But as evidenced by the burgeoning crowd of neighbors imploring the commission to rescue them from the chicken-shaped specter that loomed over Wildwood, threatening to pollute creeks, clog traffic, poison the air and above all tank property values, zoning is now beginning to be seen as something that can actually benefit rural dwellers.

Since the Great Chicken Panic, I've heard more and more talk in favor of a few basic land-use restrictions at local gummint meetings, coming from the people who sit on the boards. “Overall, it’s to protect the residents,” said board member Larry Case at the last IDA (Industrial Development Authority) meeting. And District 2 Commissioner Phillip Hartline keeps suggesting some kind of sensible, agriculture-centered set of rules.

But it occurs to me I heard pro-Z-word rhetoric as long ago as 2016, from an ultra-conservative candidate then running for county executive. "I will be damned if I want to spend $250,000 and 17 months building my house and then have someone put up a gravel pit or a junkyard or a hog pen across from it,” said Wes Hixon during that campaign.

He didn't win, but in my role ("Nosy Local Journalist More Obscenely Interested in Local Politics Than Anybody Who Ran for Office That Year") his poor showing at the polls was more from his own lack of enthusiasm than his stance on zoning. (I called him the Un-Candidate, and in fact after the election he seemed relieved to have lost.)

I bring Hixon up because what he said back then about zoning pretty much exemplifies what I'm hearing more and more these days from other people: He said he wanted to shoot his high-powered rifles on his own land without hearing any grief about it, mow his grass when he felt like it, and not be told how many cars he can park in the yard. But, like the Wildwood neighbors, he didn't want some big smelly monstrosity--landfill, slaughterhouse, whatever--to move in and ruin his life.

Cruising the net for public opinion, I still do see some ZONING IS THE GREAT SATAN posts. But I think they're outnumbered by DELIVER US FROM THE CHICKEN OF DOOM posts, and anyway seem to come from people who spend most of their lives trolling through cyberspace looking for a fight.

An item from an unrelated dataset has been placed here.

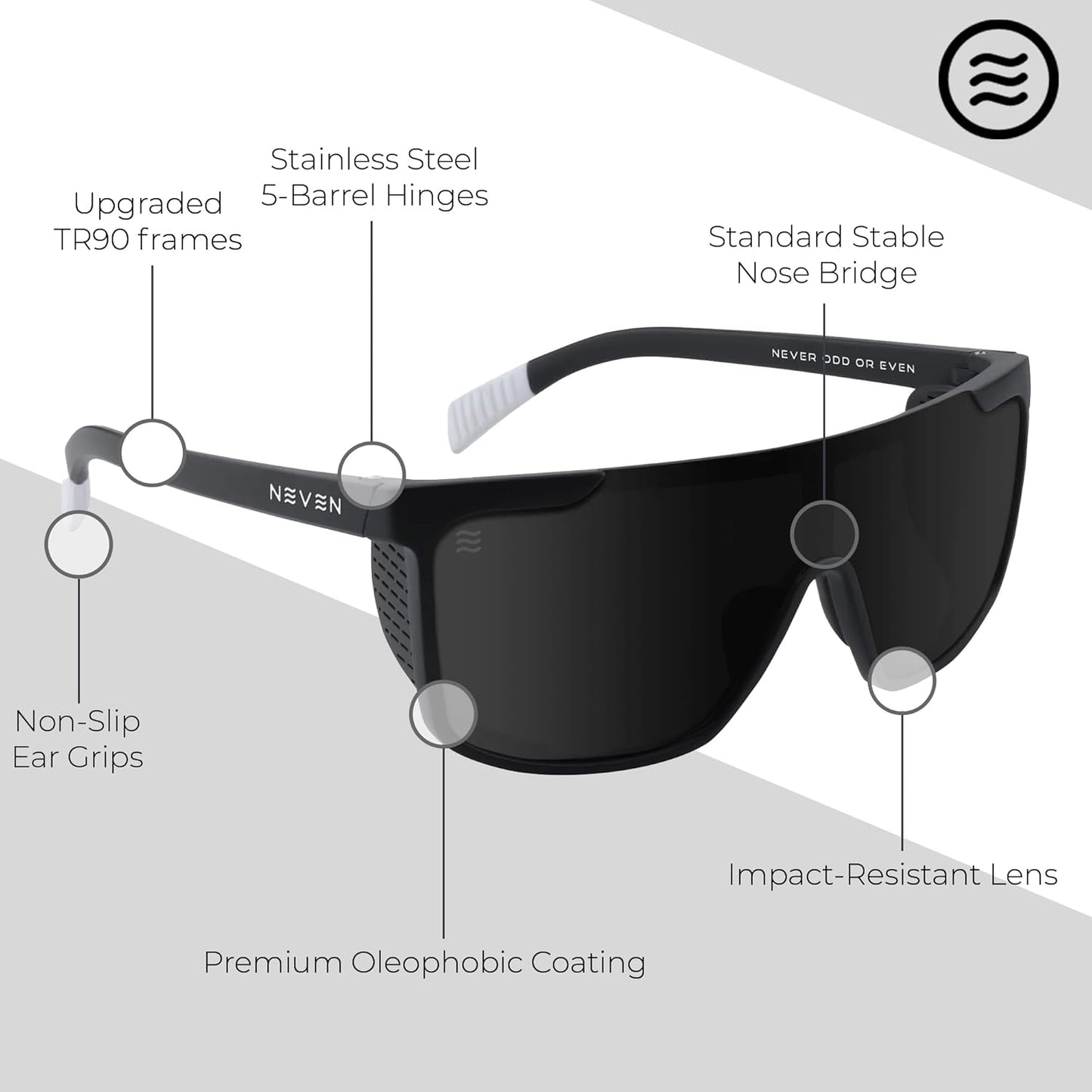 NEVEN Daywalkers Polarized Sunglasses - Sleek UV Protection with Side Shields | Stylish Club Shades for All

Anyway, I could be wrong, but I would suggest to politicians afraid of the Z-word that the crucifixion crews have mostly retired. And if you want to be sure, why don't you have some public meeting and ask people?

Because another thing that all the I'LL NEVER VOTE FOR ZONING screams reminded me of was the way the county commissioners carried on back during the liquor-by-the-drink referendum: I NEVER TOUCH A DROP! I'VE NEVER HAD A BEER IN MY REFRIGERATOR! I DO NOT PERSONALLY INDULGE!

I'm not questioning anybody's sincerity (though there are two commissioners inextricably entwined with moonshine in my mind). What I'm questioning is whether they're at all in touch with the public these days. They kept up with the WINE IS A MOCKER biz even after Dade had voted squarely 60-40 wet, and kept making ridiculous small-business-squashing rules for liquor afterwards, intoning sententiously: "We have to represent those who voted against."

But let's not fight that one again! What I'm saying here is that the Temperance Hall audience the commissioners were aiming all that NEVER A DROP HAS PASSED THESE LIPS stuff had stopped listening years ago, dead or deaf or retired to Florida, and everybody else was drinking beer and laughing at them.

I am not writing this to express any opinion about or shed any light on zoning, though my sympathies are of course with the Wildwood residents who don't want a chicken plant next door. I am as puzzled by those who take the other side as I was when the same arguments were made in defense of the old Florida lady who was clearcutting Lookout Mountain to supplement her inherited wealth. She wasn't defending our sacred American freedoms, she was unleashing the flying monkeys! And anyway, as I said then, this isn't a high school debate, it's home.

What I am writing this for is to say that, first with the booze and now with the zoning, the commission seems to be as out of touch with what the denizens o' Dade are thinking as I was as a silly, self-absorbed young incomer in 1990. What I did then to get my finger on the pulse of the public, and what I think the commissioners should do now, is: go to the beer store.

Not really. Well, actually, having a beer with constituents at Jefferson's might not be a bad start if they want to get an idea what people think. But what I am asking for is that one way or the other they go out to the people and: L I S T E N.

There was a time--I think it was early 2012--when the commission went from neighborhood to neighborhood listening to the concerns of each community. I loved it because I got paid by the hour back then, but also because I was impressed the pols really cared what their constituents thought.

These days they've stopped all that nonsense! Last year, with the TSPLOST referendum coming up, and people organizing solidly against it, the commission announced there would be public meetings about it. Not one was ever organized. And guess what? The TSPLOST failed miserably, and of the two sitting commissioners who were up for reelection that year, one didn't run and the other got beat. There's a lesson there.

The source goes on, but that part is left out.